The mechanics: slack variables and the tableau
To compute, simplex first turns inequalities into equalities by adding slack variables. The constraint x + 2y ≤ 14 becomes x + 2y + s₁ = 14 with s₁ ≥ 0; the slack measures how much room is left under that limit. With m constraints and n original variables you get a system of m equations in m + n variables.
A basic feasible solution (BFS) picks m of those variables to be "basic" (free to take positive values) and forces the other n to zero. Each BFS corresponds to exactly one vertex of the polytope. Starting all original variables at zero — the origin — makes the slacks basic, which is feasible whenever the origin satisfies the constraints. From there each iteration does three things:
- Pricing — pick an entering variable. Look at the objective row. A nonbasic variable with a positive reduced cost (for a maximization) will raise the objective if you let it grow from zero. Dantzig's rule picks the most positive one.
- Ratio test — pick a leaving variable. As the entering variable grows, some basic variable hits zero first. The minimum ratio test finds which one:
min(bᵢ / aᵢ)over rows with a positive coefficientaᵢ. This is how far you can slide along the edge before bumping the next constraint. - Pivot. Swap the entering and leaving variables in the basis using Gaussian elimination on the tableau. You've now moved to the adjacent vertex.
Repeat until no nonbasic variable has a positive reduced cost. That tableau encodes the optimal vertex, the optimal objective value, and — for free — the dual prices.
Complexity: great in practice, terrible in theory
Each pivot is one Gaussian-elimination sweep of the tableau, costing O(m·(m + n)) arithmetic in the dense textbook form, or roughly O(m·n). The open question is how many pivots you need.
In 1972 Victor Klee and George Minty built a deformed hypercube — the Klee–Minty cube — on which Dantzig's pivot rule visits all 2ⁿ vertices. So the worst case is exponential, and to this day no pivot rule is known to be polynomial in the worst case. Yet on real problems simplex almost always terminates in about 2(m + n) to 3(m + n) pivots — linear in the problem size. Smoothed analysis (Spielman and Teng, 2004) explained why: a tiny random perturbation of any instance makes the expected pivot count polynomial, so the bad cases are vanishingly rare.

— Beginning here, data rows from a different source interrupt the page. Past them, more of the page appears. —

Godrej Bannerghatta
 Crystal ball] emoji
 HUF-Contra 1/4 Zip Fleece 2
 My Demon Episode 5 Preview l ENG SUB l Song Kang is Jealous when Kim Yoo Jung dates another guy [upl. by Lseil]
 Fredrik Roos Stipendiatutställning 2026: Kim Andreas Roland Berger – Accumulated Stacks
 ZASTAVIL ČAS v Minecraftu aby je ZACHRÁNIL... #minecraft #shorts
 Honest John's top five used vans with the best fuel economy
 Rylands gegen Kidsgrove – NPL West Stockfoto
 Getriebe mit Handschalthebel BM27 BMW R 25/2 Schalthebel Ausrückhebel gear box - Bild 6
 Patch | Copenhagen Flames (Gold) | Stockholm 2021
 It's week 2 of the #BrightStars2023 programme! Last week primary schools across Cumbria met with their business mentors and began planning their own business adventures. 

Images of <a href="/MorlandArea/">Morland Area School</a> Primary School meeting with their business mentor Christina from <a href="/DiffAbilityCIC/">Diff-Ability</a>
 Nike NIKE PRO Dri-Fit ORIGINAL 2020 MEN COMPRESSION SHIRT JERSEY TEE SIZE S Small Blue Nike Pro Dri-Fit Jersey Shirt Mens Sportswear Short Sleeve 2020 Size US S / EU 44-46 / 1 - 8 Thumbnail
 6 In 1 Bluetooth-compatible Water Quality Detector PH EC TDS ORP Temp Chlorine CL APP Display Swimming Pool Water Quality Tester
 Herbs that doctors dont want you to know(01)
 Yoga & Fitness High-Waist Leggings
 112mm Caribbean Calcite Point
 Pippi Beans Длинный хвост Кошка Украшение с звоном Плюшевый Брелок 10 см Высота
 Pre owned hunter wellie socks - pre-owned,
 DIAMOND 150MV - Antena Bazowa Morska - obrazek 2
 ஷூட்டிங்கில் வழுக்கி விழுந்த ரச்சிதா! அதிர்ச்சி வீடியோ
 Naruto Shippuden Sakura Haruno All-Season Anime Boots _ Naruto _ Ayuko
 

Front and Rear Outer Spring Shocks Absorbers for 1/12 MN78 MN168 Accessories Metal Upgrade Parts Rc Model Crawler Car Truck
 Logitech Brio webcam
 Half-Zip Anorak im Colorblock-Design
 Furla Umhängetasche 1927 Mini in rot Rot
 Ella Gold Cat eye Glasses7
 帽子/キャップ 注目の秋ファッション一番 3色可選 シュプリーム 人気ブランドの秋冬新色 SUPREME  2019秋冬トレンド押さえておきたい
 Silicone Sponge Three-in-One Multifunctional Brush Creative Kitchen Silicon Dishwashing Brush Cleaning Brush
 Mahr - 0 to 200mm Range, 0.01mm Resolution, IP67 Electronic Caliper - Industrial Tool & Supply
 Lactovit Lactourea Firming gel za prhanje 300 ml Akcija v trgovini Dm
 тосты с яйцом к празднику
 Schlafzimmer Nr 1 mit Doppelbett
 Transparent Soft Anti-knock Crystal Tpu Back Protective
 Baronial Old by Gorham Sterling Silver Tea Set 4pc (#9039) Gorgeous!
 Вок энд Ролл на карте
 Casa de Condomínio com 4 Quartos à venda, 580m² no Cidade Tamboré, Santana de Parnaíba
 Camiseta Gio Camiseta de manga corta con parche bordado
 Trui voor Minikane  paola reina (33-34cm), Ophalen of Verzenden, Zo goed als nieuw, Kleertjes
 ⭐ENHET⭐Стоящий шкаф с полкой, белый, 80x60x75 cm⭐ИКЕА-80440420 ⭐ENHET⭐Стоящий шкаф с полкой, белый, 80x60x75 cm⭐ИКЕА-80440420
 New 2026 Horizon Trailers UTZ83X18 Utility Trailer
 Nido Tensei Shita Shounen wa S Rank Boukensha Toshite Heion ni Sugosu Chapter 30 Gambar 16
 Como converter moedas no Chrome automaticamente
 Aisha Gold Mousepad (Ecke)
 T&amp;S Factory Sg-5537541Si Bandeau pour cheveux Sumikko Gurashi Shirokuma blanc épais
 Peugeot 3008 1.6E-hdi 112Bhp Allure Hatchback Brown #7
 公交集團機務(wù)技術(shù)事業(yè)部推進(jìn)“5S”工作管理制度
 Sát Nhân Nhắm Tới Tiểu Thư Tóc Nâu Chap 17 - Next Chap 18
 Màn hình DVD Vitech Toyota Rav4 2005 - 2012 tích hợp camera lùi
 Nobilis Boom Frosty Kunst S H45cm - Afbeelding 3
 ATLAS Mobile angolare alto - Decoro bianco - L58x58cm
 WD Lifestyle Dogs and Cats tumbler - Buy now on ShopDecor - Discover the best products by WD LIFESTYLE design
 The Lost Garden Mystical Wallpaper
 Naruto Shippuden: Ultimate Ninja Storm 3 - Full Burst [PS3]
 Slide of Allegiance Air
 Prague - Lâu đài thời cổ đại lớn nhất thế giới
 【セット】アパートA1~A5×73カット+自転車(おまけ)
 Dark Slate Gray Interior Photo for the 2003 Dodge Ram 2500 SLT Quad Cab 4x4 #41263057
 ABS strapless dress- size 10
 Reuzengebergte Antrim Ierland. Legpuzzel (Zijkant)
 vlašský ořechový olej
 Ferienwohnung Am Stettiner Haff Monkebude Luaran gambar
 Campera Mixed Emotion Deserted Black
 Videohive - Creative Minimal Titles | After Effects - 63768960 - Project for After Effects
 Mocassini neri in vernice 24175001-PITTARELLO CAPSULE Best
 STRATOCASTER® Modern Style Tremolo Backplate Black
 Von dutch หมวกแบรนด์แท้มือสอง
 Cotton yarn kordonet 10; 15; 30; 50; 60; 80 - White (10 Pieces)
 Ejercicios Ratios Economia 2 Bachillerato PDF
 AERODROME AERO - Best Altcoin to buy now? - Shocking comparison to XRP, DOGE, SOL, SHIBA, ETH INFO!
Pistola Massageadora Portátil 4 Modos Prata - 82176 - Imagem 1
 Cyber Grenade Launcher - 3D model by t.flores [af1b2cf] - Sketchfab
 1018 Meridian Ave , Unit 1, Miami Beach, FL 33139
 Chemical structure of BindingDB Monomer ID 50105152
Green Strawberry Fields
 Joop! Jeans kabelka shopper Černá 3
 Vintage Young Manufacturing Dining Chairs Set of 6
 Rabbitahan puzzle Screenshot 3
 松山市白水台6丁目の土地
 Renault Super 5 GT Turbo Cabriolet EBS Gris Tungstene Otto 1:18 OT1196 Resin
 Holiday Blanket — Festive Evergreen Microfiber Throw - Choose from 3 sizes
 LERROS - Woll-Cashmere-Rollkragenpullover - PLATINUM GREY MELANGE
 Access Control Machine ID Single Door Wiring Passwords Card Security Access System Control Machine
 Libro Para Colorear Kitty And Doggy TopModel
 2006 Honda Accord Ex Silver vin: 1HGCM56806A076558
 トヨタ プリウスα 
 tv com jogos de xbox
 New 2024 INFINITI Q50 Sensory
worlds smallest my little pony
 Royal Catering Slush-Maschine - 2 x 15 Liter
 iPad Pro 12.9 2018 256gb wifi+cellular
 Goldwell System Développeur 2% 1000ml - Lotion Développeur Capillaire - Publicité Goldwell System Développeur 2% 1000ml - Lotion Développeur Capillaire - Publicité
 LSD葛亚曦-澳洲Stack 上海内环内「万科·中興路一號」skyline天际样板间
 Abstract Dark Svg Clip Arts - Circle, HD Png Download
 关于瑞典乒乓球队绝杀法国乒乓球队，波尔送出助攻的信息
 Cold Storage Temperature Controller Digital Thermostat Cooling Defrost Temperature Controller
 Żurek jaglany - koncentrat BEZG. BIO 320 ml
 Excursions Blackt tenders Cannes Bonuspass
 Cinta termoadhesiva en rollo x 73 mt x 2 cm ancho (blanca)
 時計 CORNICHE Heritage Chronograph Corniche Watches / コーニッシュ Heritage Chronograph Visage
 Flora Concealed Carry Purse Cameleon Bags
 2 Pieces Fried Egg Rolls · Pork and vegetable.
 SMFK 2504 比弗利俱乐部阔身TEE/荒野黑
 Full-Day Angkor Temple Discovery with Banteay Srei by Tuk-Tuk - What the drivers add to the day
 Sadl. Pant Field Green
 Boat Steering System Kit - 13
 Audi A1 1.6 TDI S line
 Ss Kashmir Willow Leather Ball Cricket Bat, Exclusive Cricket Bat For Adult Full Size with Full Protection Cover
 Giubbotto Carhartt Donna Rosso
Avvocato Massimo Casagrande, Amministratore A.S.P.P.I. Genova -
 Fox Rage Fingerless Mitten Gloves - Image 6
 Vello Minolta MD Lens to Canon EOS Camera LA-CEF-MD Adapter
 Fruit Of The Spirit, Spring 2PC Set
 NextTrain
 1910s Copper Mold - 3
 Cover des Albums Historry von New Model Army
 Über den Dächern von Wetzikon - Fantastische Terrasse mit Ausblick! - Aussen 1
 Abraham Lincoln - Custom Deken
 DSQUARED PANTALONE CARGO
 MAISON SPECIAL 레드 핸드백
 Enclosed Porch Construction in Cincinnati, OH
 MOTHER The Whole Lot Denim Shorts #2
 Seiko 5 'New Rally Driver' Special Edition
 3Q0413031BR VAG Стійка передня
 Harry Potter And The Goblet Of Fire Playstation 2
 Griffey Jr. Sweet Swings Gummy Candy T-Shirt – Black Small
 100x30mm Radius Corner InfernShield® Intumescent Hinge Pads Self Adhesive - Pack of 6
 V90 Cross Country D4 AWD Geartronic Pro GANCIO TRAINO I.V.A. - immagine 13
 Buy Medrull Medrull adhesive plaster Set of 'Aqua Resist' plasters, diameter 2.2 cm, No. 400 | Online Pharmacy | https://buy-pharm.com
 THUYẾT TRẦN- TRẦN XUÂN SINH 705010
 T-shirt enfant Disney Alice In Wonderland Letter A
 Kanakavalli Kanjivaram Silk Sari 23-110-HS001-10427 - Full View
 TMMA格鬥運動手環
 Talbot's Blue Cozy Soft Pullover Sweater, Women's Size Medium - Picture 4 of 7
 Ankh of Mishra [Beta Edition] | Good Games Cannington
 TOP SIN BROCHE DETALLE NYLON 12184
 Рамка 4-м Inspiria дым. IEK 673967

That gap between worst-case and observed behavior is the most famous feature of the algorithm.
When to reach for simplex
- Small to medium LPs with sparse constraint matrices — scheduling, blending, transportation, network flow relaxations. The revised simplex method exploits sparsity beautifully.
- Problems you re-solve repeatedly after small edits. Simplex warm-starts from the previous optimal basis in a handful of pivots — invaluable inside branch-and-bound for integer programs, where you solve thousands of nearly-identical LPs.
- When you need an exact vertex solution and dual prices, e.g. shadow prices in economics or sensitivity analysis.
Reach for an interior-point method instead when the problem is very large and dense, when you can't afford the exponential tail risk, or when you don't need warm-starting. For integer decision variables, neither solves the problem alone — you wrap an LP solver in branch-and-bound or cutting planes.
Simplex vs other optimization methods
| Simplex | Interior-point | Ellipsoid | Gradient descent | Branch & bound | |
|---|---|---|---|---|---|
| Problem class | Linear programs | LP & convex | LP & convex | Smooth (often nonconvex) | Integer / combinatorial |
| Path | Polytope edges, vertex to vertex | Through the interior (central path) | Shrinking ellipsoids | Downhill in continuous space | Tree of LP relaxations |
| Worst case | Exponential (Klee–Minty) | Polynomial | Polynomial (first proof, 1979) | No global guarantee | Exponential |
| Typical speed | Fast on sparse small/medium | Fast on large/dense | Slow — theoretical only | Depends on conditioning | Depends on bound tightness |
| Warm-start | Excellent (reuse the basis) | Poor | Poor | Moderate | Built on warm-started LPs |
| Solution type | Exact vertex + dual prices | Interior point near a vertex | Approximate | Local optimum | Provably optimal integer point |
| Real-world use | CPLEX, Gurobi, GLPK | CPLEX/Gurobi barrier, Mosek | Mostly a theoretical landmark | ML training | MIP solvers everywhere |
The headline is that the ellipsoid method (Khachiyan, 1979) finally proved LP is polynomial-time — a theoretical breakthrough — but it's too slow to use. Karmarkar's 1984 interior-point method was both polynomial and practical, ending simplex's monopoly. Modern solvers ship both and pick per problem.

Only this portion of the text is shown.